# Minecraft Wiki Loader Notebook
This notebook demonstrates how to fetch and process data from the French Minecraft Wiki using Python. It contains various functions and a custom loader class for extracting and processing wiki data.

## Importing Necessary Libraries
The libraries used in this notebook include:
- `requests` for making HTTP requests
- `BeautifulSoup` for parsing HTML content
- Classes from `langchain_core` for handling documents and loaders

In [1]:
from typing import AsyncIterator, Iterator
import requests
from bs4 import BeautifulSoup
from rich.progress import Progress

import ollama

from langchain_core.document_loaders import BaseLoader
from langchain_core.documents import Document

from langchain.vectorstores import Chroma
from langchain_community.embeddings import OllamaEmbeddings

## Fetching Revision IDs
The `fetch_rvid` function retrieves the revision ID of a wiki page as of a specified date. This is essential for accessing historical content.

In [2]:
headers = {"User-Agent": "MyScript/1.0 (myemail@example.com)"}

def fetch_rvid(title, date="2021-01-01T00:00:00.000Z", api = "https://fr.minecraft.wiki/api.php"):
    # API request parameters
    params = {
        "action": "query",
        "format": "json",
        "prop": "revisions",
        "titles": title,
        "formatversion": "2",
        "rvprop": "ids",
        "rvlimit": "1",
        "rvstart": date,
        "rvdir": "older"
    }

    # Make the API request
    response = requests.get(api, params=params, headers=headers)

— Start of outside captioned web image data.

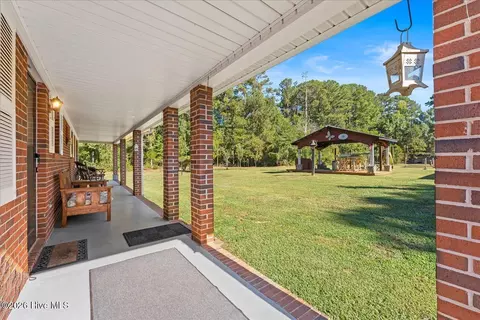 Exterior - 5666 Virginia Ave, Thomson, GA 30824 photo 4 of 11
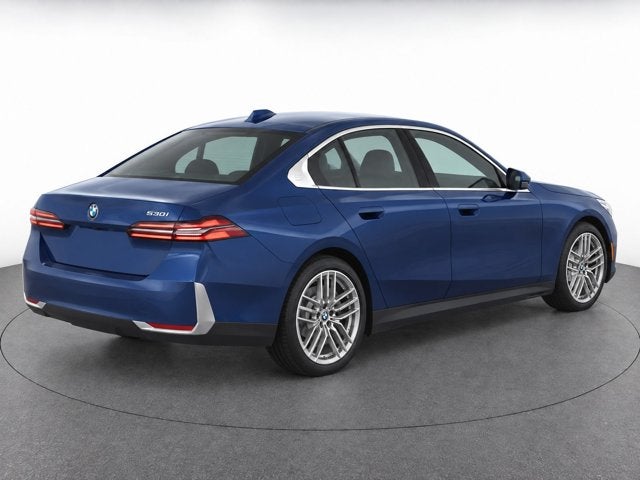 2024 BMW 5 Series 530i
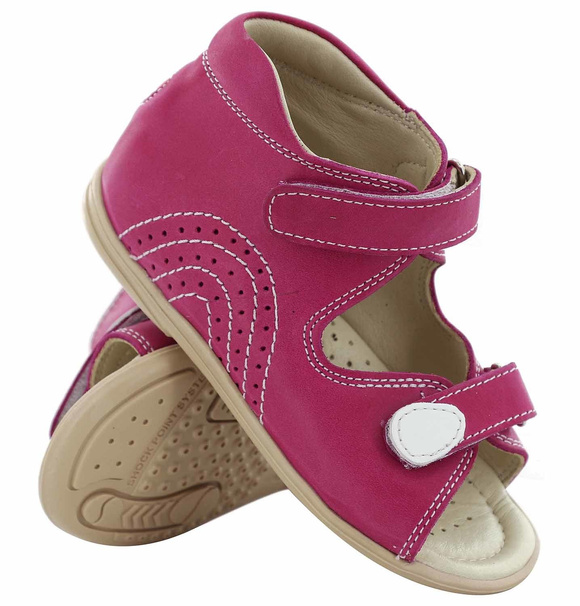 Kindersandalen zur Vorbeugung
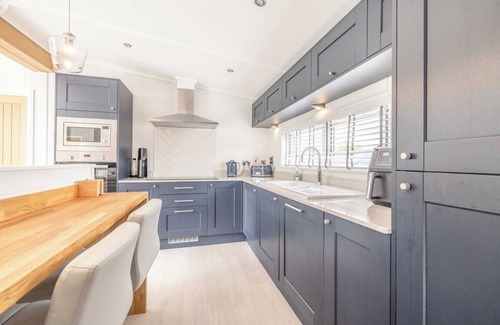 Windsor House | Luxury Lodge with Hot Tub in Windsor Marina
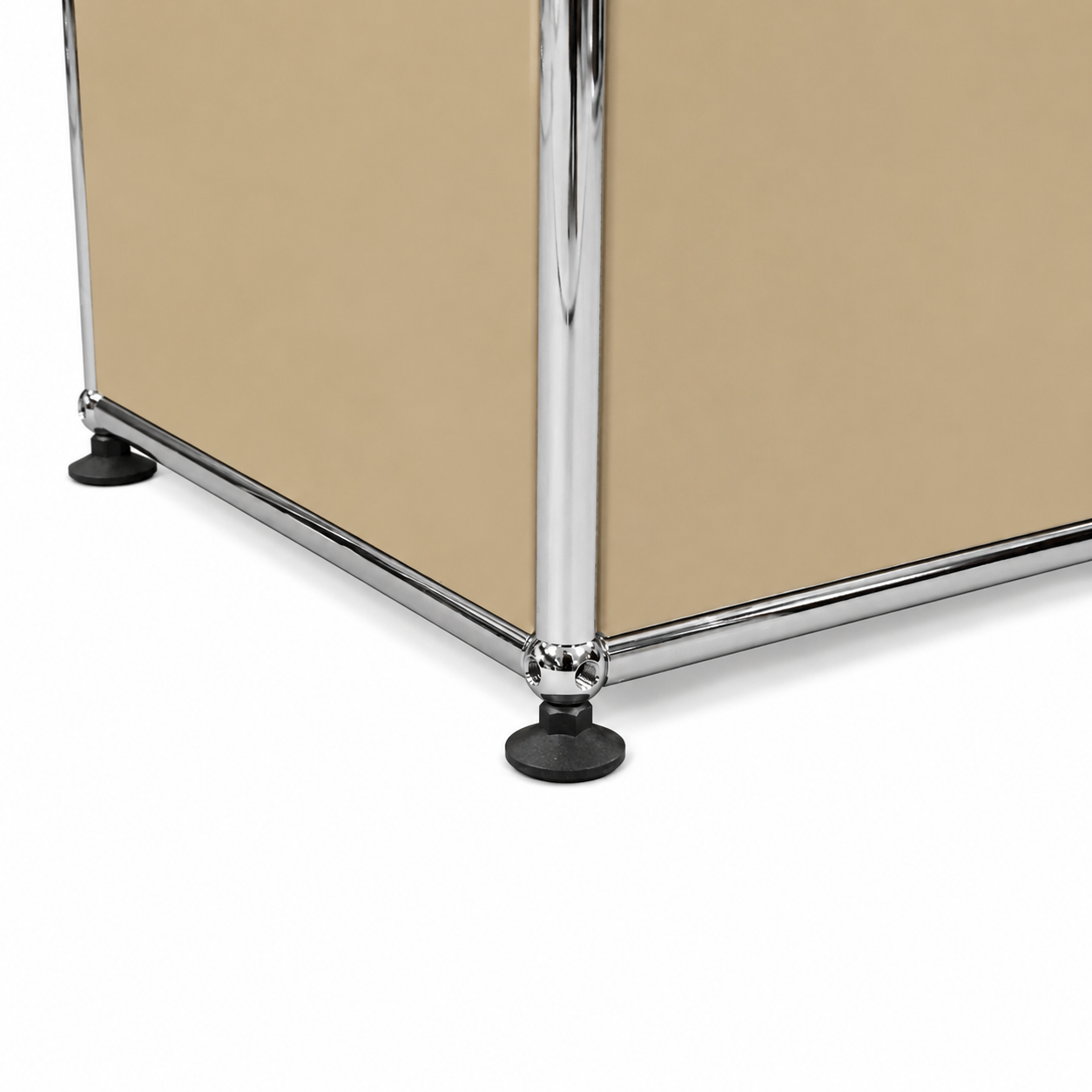 USM Haller Sideboard 1x2 beige 2 Klappen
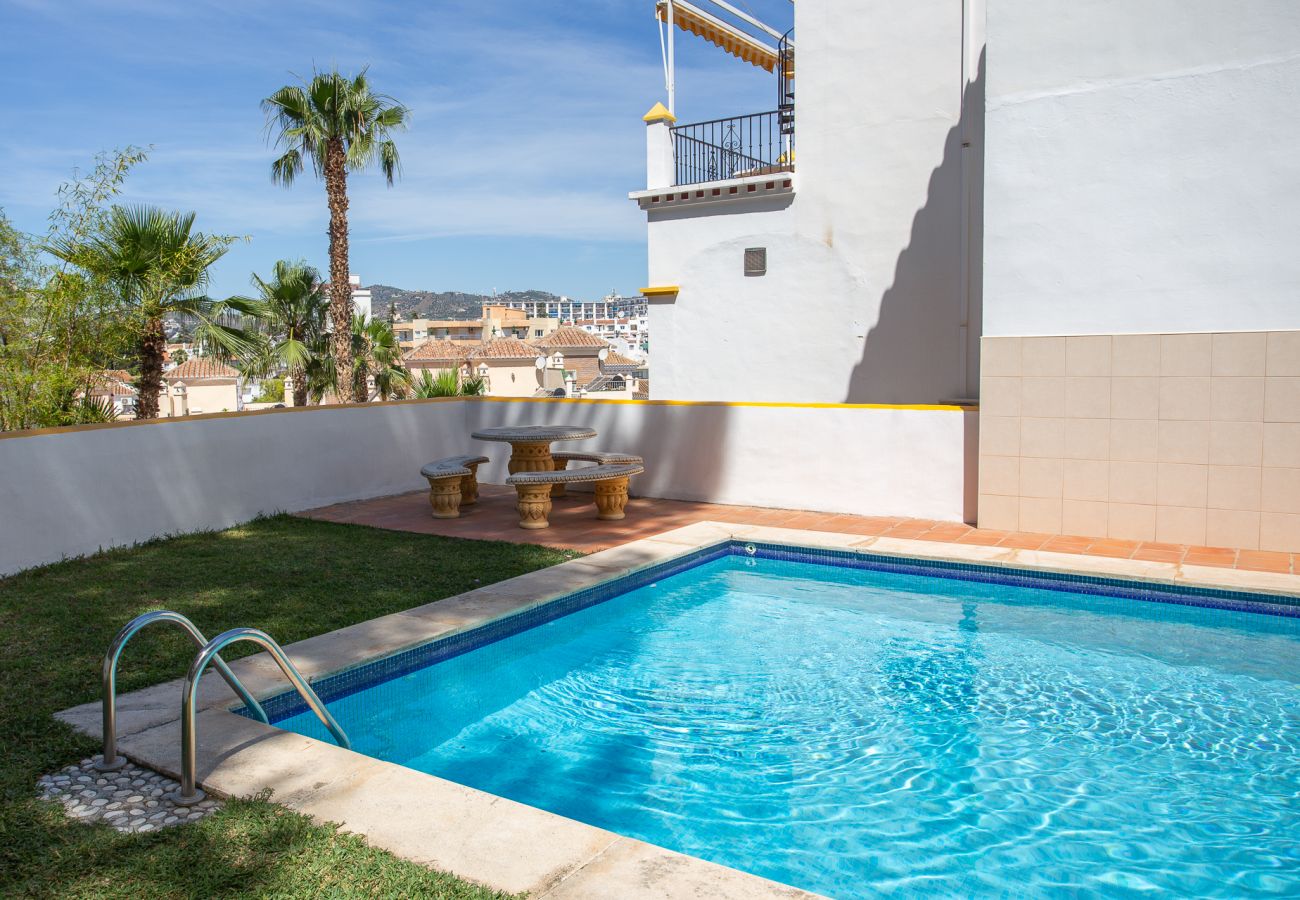 Casa adosada en Nerja - Terraza Soleada Cerca de la Playa Burriana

    # Check if the response was successful
    if response.status_code == 200:
        data = response.json()
        
        # Extract the revisions data safely
        pages = data.get("query", {}).get("pages", [])
        if pages:
            page_info = pages[0]
            revisions = page_info.get("revisions", [])
            
            if revisions:
                # Return the revision ID if found
                return revisions[0].get("revid", None)
    
    # Return None if no revisions are found or if there's an issue
    return None

## Fetching Category Members
The `fetch_category_members` function retrieves the titles of all pages within a specified category. It handles pagination if the number of pages exceeds the API's limit.

In [3]:


def fetch_category_members(category, limit=500 , api = "https://fr.minecraft.wiki/api.php"):
    members = []
    cmcontinue = None

    while True:
        # API request parameters
        params = {
            "action": "query",
            "list": "categorymembers",
            "cmtitle": category,
            "cmlimit": limit,
            "format": "json",
            "cmtype": "page",
        }
        if cmcontinue:
            params["cmcontinue"] = cmcontinue

        # Make the API request
        response = requests.get(api, params=params, headers=headers)
        data = response.json()

        # Collect members
        members.extend([page["title"] for page in data.get("query", {}).get("categorymembers", [])])
        
        # Check if more pages are available
        cmcontinue = data.get("continue", {}).get("cmcontinue")
        if not cmcontinue:
            break
    return members

## Fetching Page Content
The `fetch_page_content` function fetches the HTML content of a wiki page at a specific revision. It extracts and prettifies the content using `BeautifulSoup`.

In [4]:
def fetch_page_content(title : str,rvid = "", vrb = True, baseURL = "https://fr.minecraft.wiki"):
    page_url = f"{baseURL}/w/{title.replace(' ', '_')}?oldid={rvid}"
    if vrb:
        print(f"collecting data from : {page_url}")
    
    response = requests.get(page_url, headers=headers)
    
    if response.status_code != 200:
        print(f"Error: Unable to fetch the page. Status code {response.status_code}")
        return page_url, None
    
    # Parse the HTML content
    soup = BeautifulSoup(response.content, 'html.parser')
    soup.prettify(formatter="html5")
    
    return  page_url, soup.select_one('#mw-content-text') 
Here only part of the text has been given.